Dédales
de Geneviève Roch

critiqué par Gregory mion, le 31 juillet 2015
( - 41 ans)


La note:  étoiles
Une obsolescence de l'homme.
Opportunément réédité cette année, ce roman de Geneviève Roch donne à voir l’effondrement de la nature humaine dans le contexte du travail contemporain. Alors qu’il fut quelquefois un motif de transformation du monde et de valorisation de soi (surtout dans la tradition marxiste), le travail fait aujourd’hui l’objet d’une remise en question permanente et de nombreux domaines artistiques, en plus des sciences humaines, réfléchissent à ce problème – on a pu le voir au Festival de Cannes avec l’excellent film La loi du marché, tout comme l’an dernier les frères Dardenne avaient proposé une vision forte du travail avec Deux jours, une nuit. C’est que le travail ne va plus de soi dans la mesure où il n’est parfois pas suffisant pour exister décemment, et, de plus, les nouvelles techniques managériales semblent avoir modifié de fond en comble ceux-qui-travaillent, l’impératif de productivité empêchant peu ou prou toute forme d’épanouissement ou de créativité spontanée. Un passage du livre le dit bien : le travail ne tolère plus aucune divergence par rapport à son objectif préétabli, c’est-à-dire produire et capitaliser, tant et si bien que l’imprévisible est devenu intolérable (cf. p. 37). Cela signifie que la prise d’initiative ou l’erreur qui pourrait être fondatrice n’appartiennent pas au modèle socio-économique dominant. Puisque nous avons élaboré une formule efficace de rendement, il faut s’y tenir et ne pas chercher à tester d’autres hypothèses. Cette absence totale de dynamique de l’éventualité met donc en scène des agents unidimensionnels, recrutés non pas en fonction de la richesse humaine inhérente à chaque individu, mais plutôt par rapport au critère d’une seule compétence – l’aptitude à servir le paradigme productiviste.

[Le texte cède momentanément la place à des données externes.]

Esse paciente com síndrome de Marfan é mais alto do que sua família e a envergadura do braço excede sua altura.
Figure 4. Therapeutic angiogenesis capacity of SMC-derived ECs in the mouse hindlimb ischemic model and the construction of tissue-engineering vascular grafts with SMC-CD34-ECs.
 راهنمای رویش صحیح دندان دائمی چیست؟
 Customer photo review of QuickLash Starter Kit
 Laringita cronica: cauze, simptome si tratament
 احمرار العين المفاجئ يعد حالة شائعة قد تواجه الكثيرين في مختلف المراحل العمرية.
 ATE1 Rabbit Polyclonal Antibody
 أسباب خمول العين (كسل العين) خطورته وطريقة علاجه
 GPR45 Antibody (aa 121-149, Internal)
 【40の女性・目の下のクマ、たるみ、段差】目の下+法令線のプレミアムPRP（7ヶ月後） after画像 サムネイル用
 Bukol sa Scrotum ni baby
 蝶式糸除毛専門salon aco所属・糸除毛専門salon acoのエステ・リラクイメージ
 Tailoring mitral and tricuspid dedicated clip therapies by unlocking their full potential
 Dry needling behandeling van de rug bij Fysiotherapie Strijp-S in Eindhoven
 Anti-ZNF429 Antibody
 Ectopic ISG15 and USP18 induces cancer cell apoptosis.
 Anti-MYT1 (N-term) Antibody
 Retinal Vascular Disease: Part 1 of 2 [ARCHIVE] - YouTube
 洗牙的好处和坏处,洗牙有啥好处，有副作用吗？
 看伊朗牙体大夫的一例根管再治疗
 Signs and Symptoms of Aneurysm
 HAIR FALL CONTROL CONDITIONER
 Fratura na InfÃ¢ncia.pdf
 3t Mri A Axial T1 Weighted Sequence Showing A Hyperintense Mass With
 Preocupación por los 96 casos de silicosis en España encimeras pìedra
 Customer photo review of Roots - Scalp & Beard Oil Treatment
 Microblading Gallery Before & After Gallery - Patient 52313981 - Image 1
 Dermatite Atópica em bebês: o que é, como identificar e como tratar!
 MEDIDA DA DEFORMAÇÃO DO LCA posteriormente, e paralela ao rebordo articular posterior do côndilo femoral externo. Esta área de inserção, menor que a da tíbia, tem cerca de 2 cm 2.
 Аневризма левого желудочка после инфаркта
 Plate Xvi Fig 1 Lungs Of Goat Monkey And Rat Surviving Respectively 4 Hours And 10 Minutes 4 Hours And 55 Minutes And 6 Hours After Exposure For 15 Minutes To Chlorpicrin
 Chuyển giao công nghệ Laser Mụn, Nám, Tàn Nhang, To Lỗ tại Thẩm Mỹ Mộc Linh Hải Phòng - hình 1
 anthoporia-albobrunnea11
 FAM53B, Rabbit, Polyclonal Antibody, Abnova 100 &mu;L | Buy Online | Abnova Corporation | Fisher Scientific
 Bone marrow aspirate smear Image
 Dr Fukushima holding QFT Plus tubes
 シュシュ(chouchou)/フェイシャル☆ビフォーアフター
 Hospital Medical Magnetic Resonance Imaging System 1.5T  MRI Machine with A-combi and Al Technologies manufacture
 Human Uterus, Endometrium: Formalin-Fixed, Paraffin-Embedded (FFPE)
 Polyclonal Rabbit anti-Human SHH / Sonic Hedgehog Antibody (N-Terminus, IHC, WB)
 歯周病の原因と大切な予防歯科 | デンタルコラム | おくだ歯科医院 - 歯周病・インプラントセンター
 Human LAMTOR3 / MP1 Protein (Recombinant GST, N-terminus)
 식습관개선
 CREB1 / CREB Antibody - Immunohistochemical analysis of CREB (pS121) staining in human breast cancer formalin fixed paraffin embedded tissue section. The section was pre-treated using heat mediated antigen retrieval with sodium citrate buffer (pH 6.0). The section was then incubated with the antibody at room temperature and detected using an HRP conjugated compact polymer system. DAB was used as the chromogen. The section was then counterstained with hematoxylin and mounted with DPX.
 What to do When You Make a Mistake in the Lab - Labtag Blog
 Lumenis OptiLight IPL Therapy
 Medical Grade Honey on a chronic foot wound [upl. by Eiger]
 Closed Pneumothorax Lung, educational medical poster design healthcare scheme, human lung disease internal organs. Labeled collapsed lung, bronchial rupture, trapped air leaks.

Esquichée de tous les côtés par ce qu’il faudrait appeler l’arraisonnement de son être par le discours ergonomique, la femme que l’on suit dans ce livre travaille dans l’Établissement, une sorte de mastodonte architectural qui emploie quatre mille personnes, autant de têtes de bétail qui s’activent dans les salles et les couloirs de ce montre dévorateur sans réellement se demander si leurs actions ont encore un sens, ou ne serait-ce qu’une intention. Dès les premières pages, on note le triomphe de la mécanisation des corps, chaque membre de cet Établissement répondant au doigt et à l’œil aux ordres qu’ils ont intériorisés. Les employés sont tributaires d’un espace en apparence hyper-rationnel malgré la vastitude de l’endroit, et cette rationalité se complète par une structure temporelle précise, d’où l’angoisse qui surgit dès le départ, lorsque l’heure nous est donnée (cf. p. 11). On perçoit ainsi la façon dont les mouvements sont limités, minutés, contenus dans l’estomac de la monstruosité abstraite de l’Établissement, qui fera en outre l’objet de plusieurs comparaisons tératologiques, parfois dans une verve lovecraftienne pertinente, et qui nous remet en mémoire l’image célèbre d’un « chaos rampant » contre lequel il faudrait résister mais qui finit quand même par nous engloutir (cf. p. 59).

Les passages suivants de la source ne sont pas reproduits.